Replay triage
A failed doctor_frankentui run leaves behind a full JSONL ledger
plus per-case captures. For humans that is too much. The replay triage
script walks the ledger, extracts the top-N signals — structured
failure pointers with expected/actual evidence — and emits either a
compact summary or a JSON report you can paste into a PR or an issue.
Source: scripts/doctor_frankentui_replay_triage.py.
Running it
python3 ./scripts/doctor_frankentui_replay_triage.py \
--run-root /tmp/doctor_frankentui/e2e/failure_20260423T000000Z \
--max-signals 8Full flags:
| Flag | Default | Purpose |
|---|---|---|
--run-root PATH | required | Path to a doctor_frankentui run root containing meta/. |
--output-json PATH | empty | Write the structured report to PATH instead of stdout. |
--max-signals N | 5 | Cap the number of signals in the compact output. |
--max-timeline N | 40 | Cap the number of timeline entries. |
The signal model
Every signal is one Signal dataclass instance:
@dataclass
class Signal:
severity: int # 0 = info, 1 = warn, 2 = error
message: str # human-readable summary
event_index: int | None # line index into meta/events.jsonl
event_type: str | None # e.g. "frame_captured", "diff_decision"
case_id: str | None # failing case (from meta/case_results.json)
step_id: str | None # failing step (from meta/step_results.tsv)

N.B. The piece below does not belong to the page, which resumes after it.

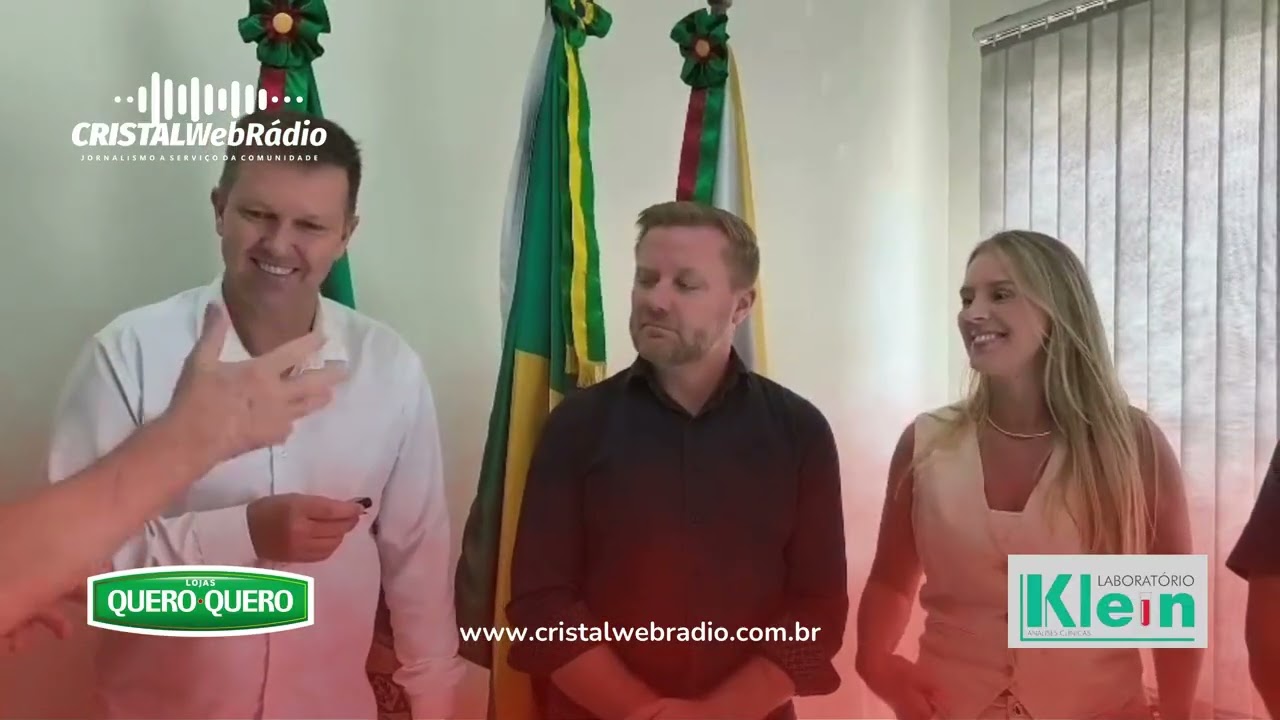 Prefeito anuncia mudanças no secretariado de Cristal e reforça integração da equipe de governo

pointers: list[str] # JSON pointers to evidence
expected: dict[str, Any]
actual: dict[str, Any]Severity levels
0(info) — contextual observation. Not a failure by itself but narrows the search.1(warn) — non-fatal divergence (e.g. adegradation_eventfollowed by a clean recovery).2(error) — a hard failure. At least one signal at this level is present whenever the underlying run failed.
Pointer syntax
Pointers are absolute relative to the run root and use a simple
path#anchor syntax:
| Form | Meaning |
|---|---|
meta/events.jsonl#L<N> | Line N in events.jsonl. |
cases/<case_id>/<file> | File under the case directory. |
meta/<file>#/<path> | JSON Pointer into a structured file. |
What signals get extracted
The script scans meta/events.jsonl and classifies events in
priority order.
Frame checksum mismatches
{
"event_type": "frame_checksum_mismatch",
"frame_idx": 42,
"expected": "0xdeadbeef00000000",
"actual": "0xcafef00d00000000"
}Severity 2. The first occurrence is usually the smoking gun for a
render regression.
Contract violations
Events with event_type in
{"contract_violation", "invariant_break", "validator_failure"}.
Severity 2. The expected/actual fields contain the specific
invariant that broke.
Degradation cascade
Events with event_type == "degradation_event" whose to_tier
indicates a downgrade (Full → SimpleBorders / NoColors / TextOnly —
see frame budget). Severity 1.
Guard breaches
Events with event_type == "conformal_frame_guard" whose verdict is
"breach". Severity 1 (repeated breaches cluster into a single
signal with a count).
Resize storms
Events with event_type == "resize_decision" whose coalesce
outcome indicates unhandled chaos. Severity 1.
Case-level failure
The script reads meta/case_results.json; every case with
status: "failed" becomes a severity-2 signal, annotated with the
case’s artifact_dir and the events_pointer into the JSONL.
Output shapes
Compact (default)
Replay Triage: doctor_failure_seed0
Run root: /tmp/doctor_frankentui/e2e/failure_20260423T000000Z
Signals (top 8)
---------------
[ERROR] frame checksum diverged at index 42
event_type=frame_captured case=case_003 step=resize_storm
expected={"checksum":"0xdeadbeef00000000"}
actual ={"checksum":"0xcafef00d00000000"}
pointers:
meta/events.jsonl#L4812
cases/case_003/frame_42.txt
[WARN] degradation downgrade Full -> NoColors (budget p99 breach)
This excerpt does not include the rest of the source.